I am running this command: prodigy hierarchy_recipe -F hierarchy_recipe.py test_dataset example.jsonl

Getting this error: usage: prodigy hierarchy_recipe [-h] dataset source

prodigy hierarchy_recipe: error: the following arguments are required: dataset, source

I have tried this recipe as well, but getting error: AttributeError: module 'prodigy.components.printers' has no attribute 'print_total_annotations'

import prodigy
from prodigy.components import printers
from prodigy.util import log

LABELS = {
    "Politics": {
        "Asia": ["elections", "foreign"],
        "Europe": ["local", "election", "finance"],
        "America": ["business", "finance"]
    },
    "Sports": {
        "Team": ["football", "baseball"],
        "Individual": ["golf", "tennis"]
    }
}

@prodigy.recipe("hierarchical_labels",
    dataset=("The dataset to use", "positional", None, str),
    source=("The source data as a JSONL file", "positional", None, str))
def hierarchical_labels(dataset, source):
    def update(examples):
        for eg in examples:
            # add an empty "label" property to each example
            eg["label"] = ""
        return examples

    stream = prodigy.get_stream(source)
    stream = update(stream)
    
    return {
        "dataset": dataset,
        "stream": stream,
        "view_id": "classification",
        "config": {
            "labels": LABELS,
            "choice_style": "multiple",
            "instructions": "Categorize the text into one or more categories"
        },
        "update": update,
        "on_exit": printers.print_total_annotations,
        "log_level": log.WARNING
    }

hi @russel!

Thanks for your question and welcome to the Prodigy community :wave:

You're getting this error because there doesn't exist an attribute named print_total_annotations :slight_smile:

Just curious - did you create these Prodigy recipes from a generative model like ChatGPT? I ask b/c I noticed some weird things with them. For example, some of the config keys don't exist like "log_level", "config": {"labels": ... or are used incorrectly (e.g., "instructions" is a true or false).

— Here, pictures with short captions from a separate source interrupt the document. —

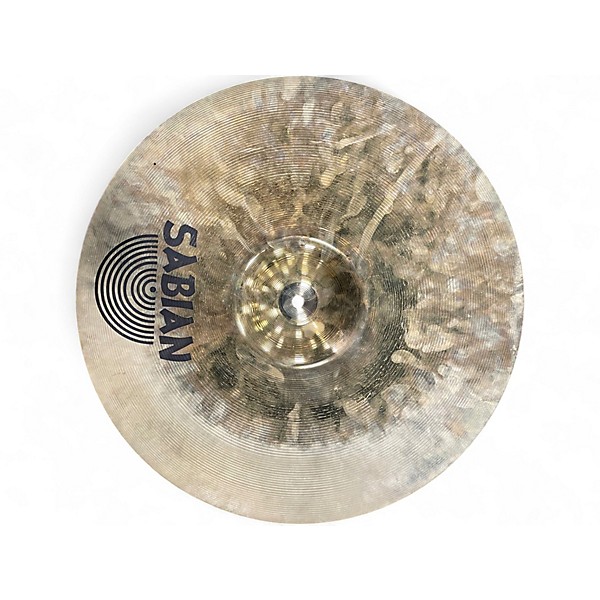 Used SABIAN 18in AA Rock Crash Brilliant Cymbal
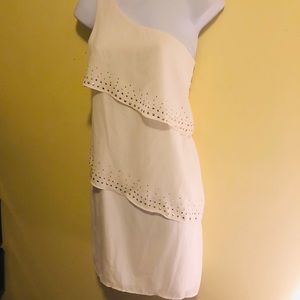 Express Ivory Dress Size 8 NWOT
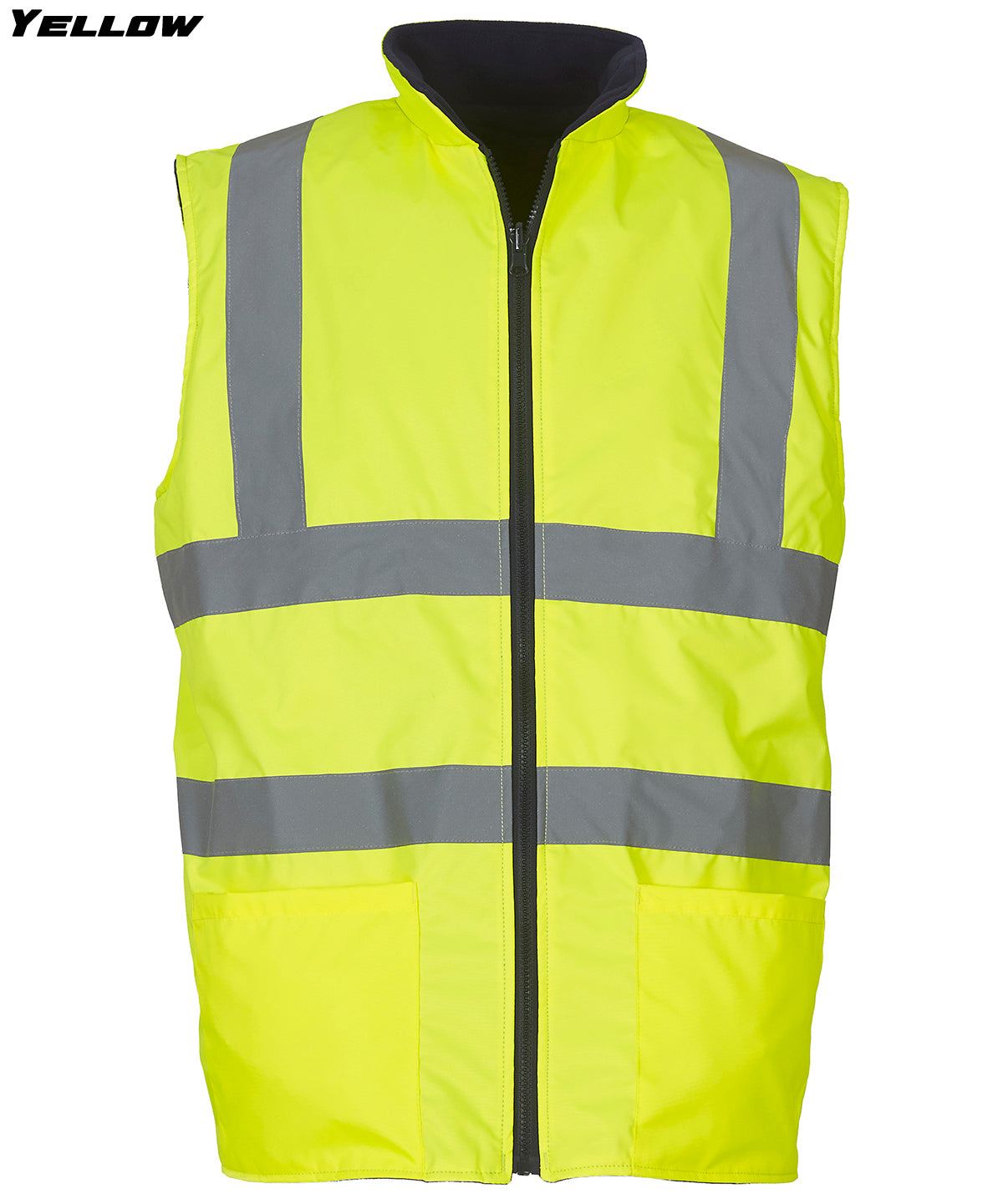 Hi-Vis Fleece Gilet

We have other posts that suggest the best way to do this is multiple passes (e.g., start with top level, then confirm bottom level).

Let me know if this makes sense.

Thank you Ryan, and yes you are right I tried with the GPT first to get started.

I am trying to make a 3 level-hierarchical list of keywords for the annotators to tag each data stream. When a annotator selects first level keyword, it expands to the next level and so on the front-end.